La narrazione di Biologia del bene e del male passa anche dall’evoluzione: Sapolsky dimostra come l’adattamento biologico e culturale abbia modellato le nostre risposte sociali (citando Theodosius Dobzhansky: “Niente in biologia ha senso, se non alla luce dell’evoluzione”) e arriva ad analizzare la divisione tra “Noi” e “Loro”, radicata nella storia evolutiva dell’uomo, mostrando come questa sia ancora oggi una delle principali cause di conflitti sociali e pregiudizi (“Io contro Noi è più semplice da gestire rispetto a Noi contro di Loro”).
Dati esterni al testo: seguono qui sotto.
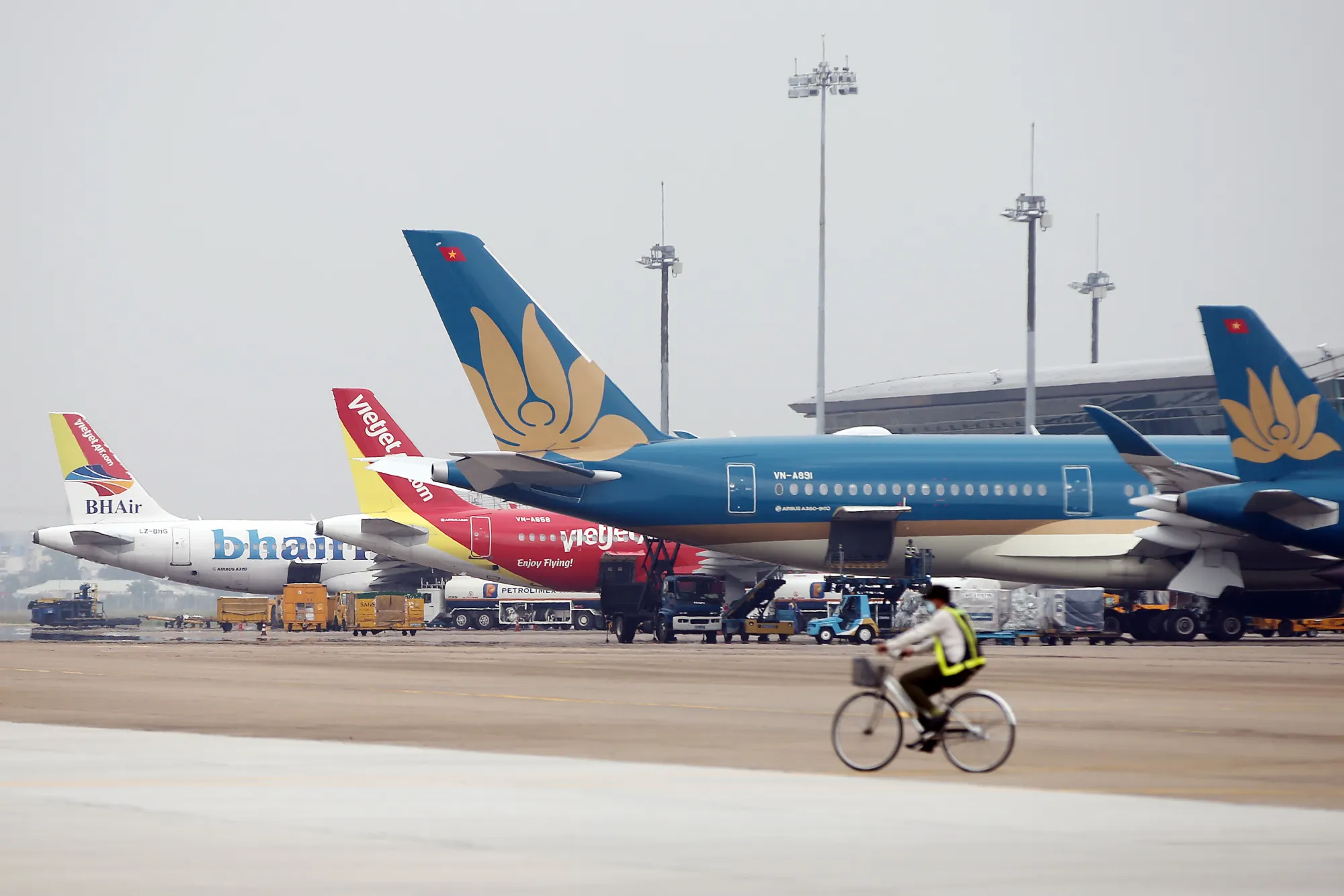 A&nbsp;Vietnam Airlines JSC aircraft, right, near&nbsp;Ho Chi Minh City.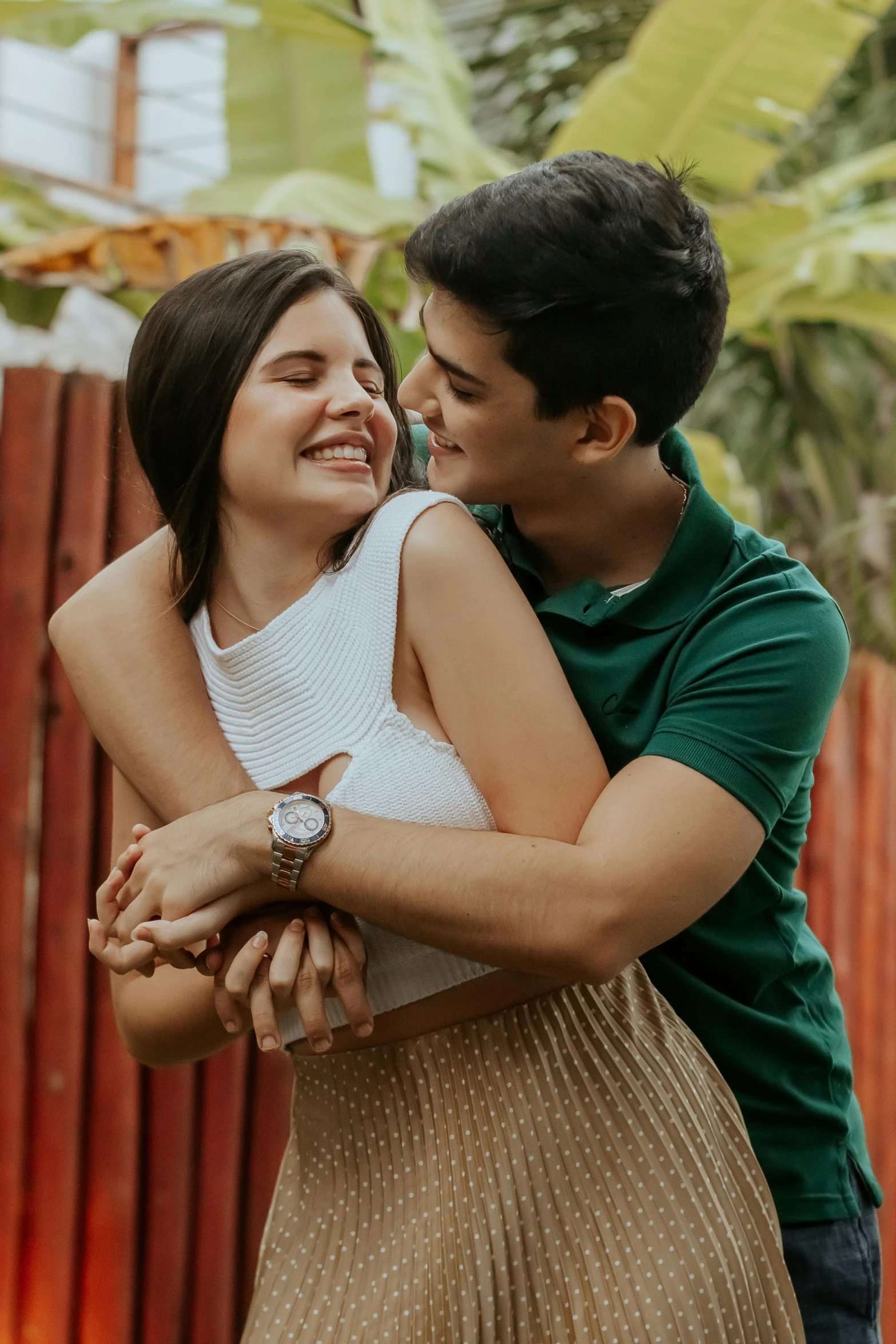 a man and woman hugging each other in front of a fence, a picture, pexels contest winner, latina, smiling playfully, manila, lush foliage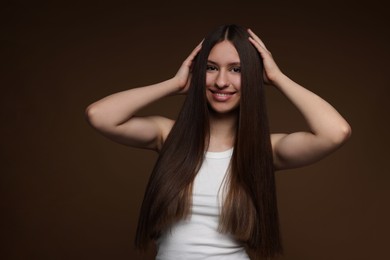 Photo of Portrait of smiling teenage girl with healthy long hair on brown background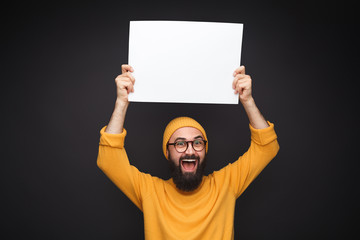 Cheerful male with blank poster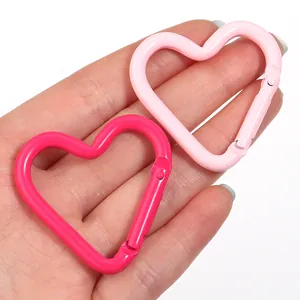 Vista ravvicinata di due moschettoni in alluminio rosa a forma di cuore tenuti in mano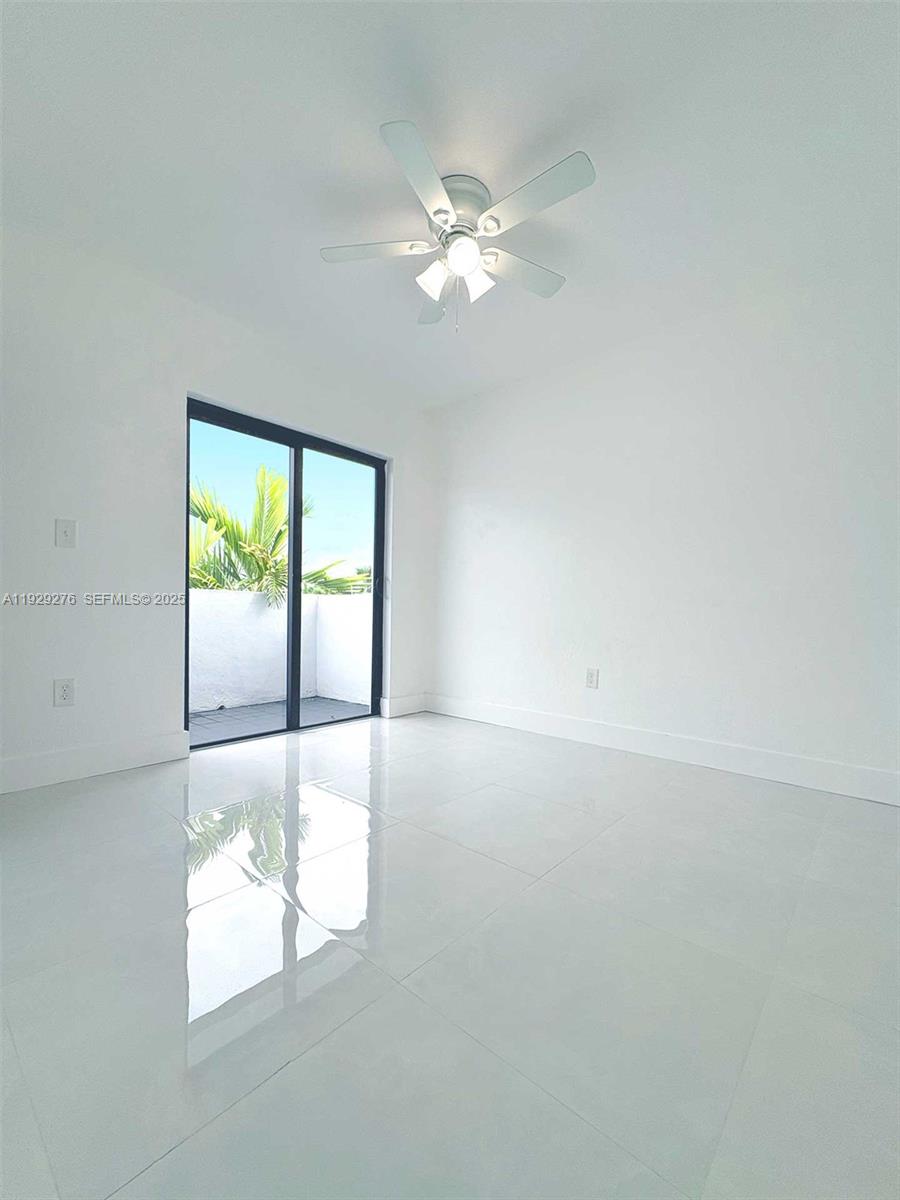 3079 Northwest 11th Street, Unit 3053 Miami, FL 33125 - Photo 3 of 11 a view of an empty room with a window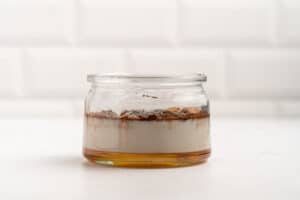 A glass jar on a white surface contains separated layers of honey, milk, cinnamon, and vanilla, against a white tiled background.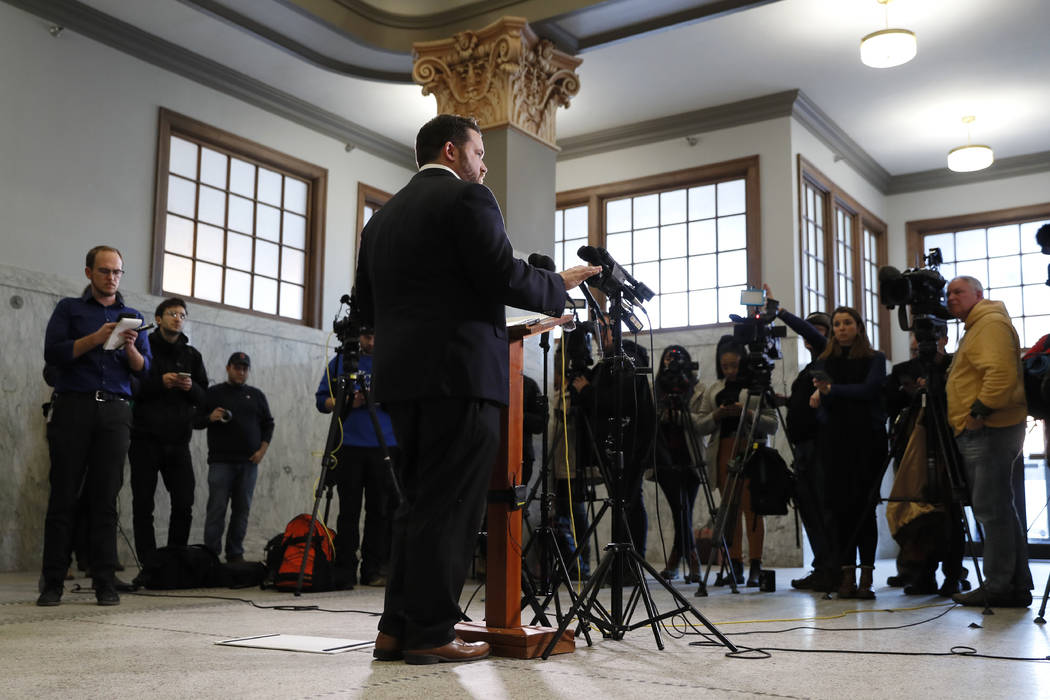 Iowa Democratic Party chairman Troy Price speaks to members of the media during a news conferen ...
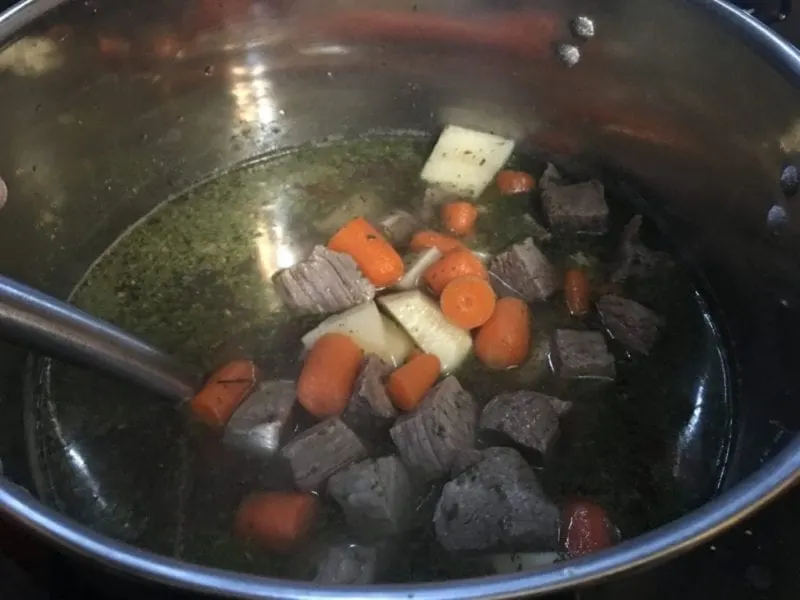 Beef stew being cooked in a stock pot.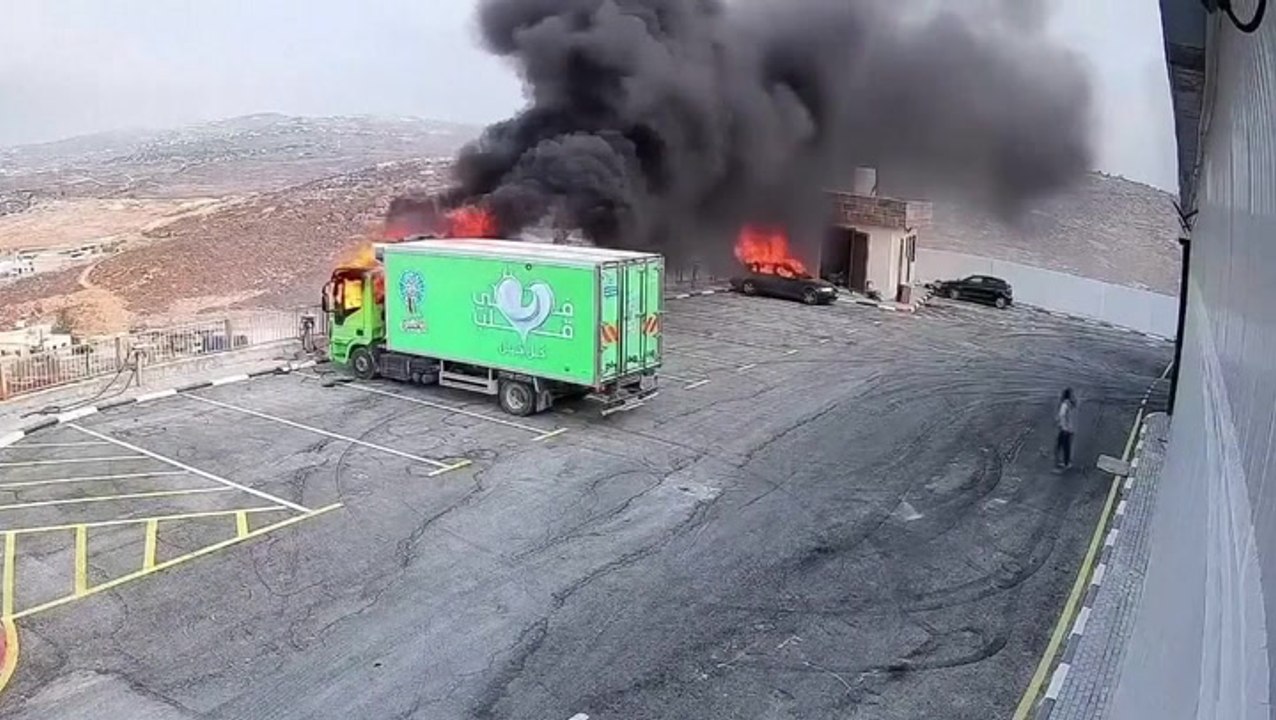 Masked Israeli settlers set fire to vehicles in attack on occupied West Bank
Un capitolo chiave del libro è dedicato alla moralità, con una riflessione su come il cervello percepisca giusto e sbagliato non in termini assoluti, ma in base a influenze culturali, sociali e biologiche: “Quando è meglio affidarsi all’intuizione e quando al ragionamento?”. Con questo interrogativo, il neuroscienziato apre il dibattito su quanto la nostra moralità sia davvero “libera” o condizionata dalla biologia. Sul finale, il focus ricade sulla giustizia e, di nuovo, sul concetto di libero arbitrio alla luce delle neuroscienze secondo cui le nostre azioni non sono sempre completamente volontarie e sono governate da meccanismi biologici inconsci. Sapolsky propone una visione di giustizia “mitigata” dalla biologia, invitando a riflettere su un sistema penale che contempli la scienza come base di comprensione e rieducazione. Il capitolo finale di Biologia del bene e del male è una riflessione sul conflitto tra guerra e pace che suggerisce che, nonostante le influenze biologiche, l’essere umano abbia sempre la capacità di scegliere, lasciandoci con un messaggio di speranza e un invito alla responsabilità collettiva.

Biologia del bene e del male non è solo un libro di divulgazione scientifica, ma un’opera profondamente umana e un riferimento, utile e comprensibile a tutti, per comprendere i meccanismi alla base delle nostre azioni e i confini del comportamento umano e per capire come poter perseguire il bene in un mondo in cui non siamo che il prodotto dell’interazione tra biologia e cultura.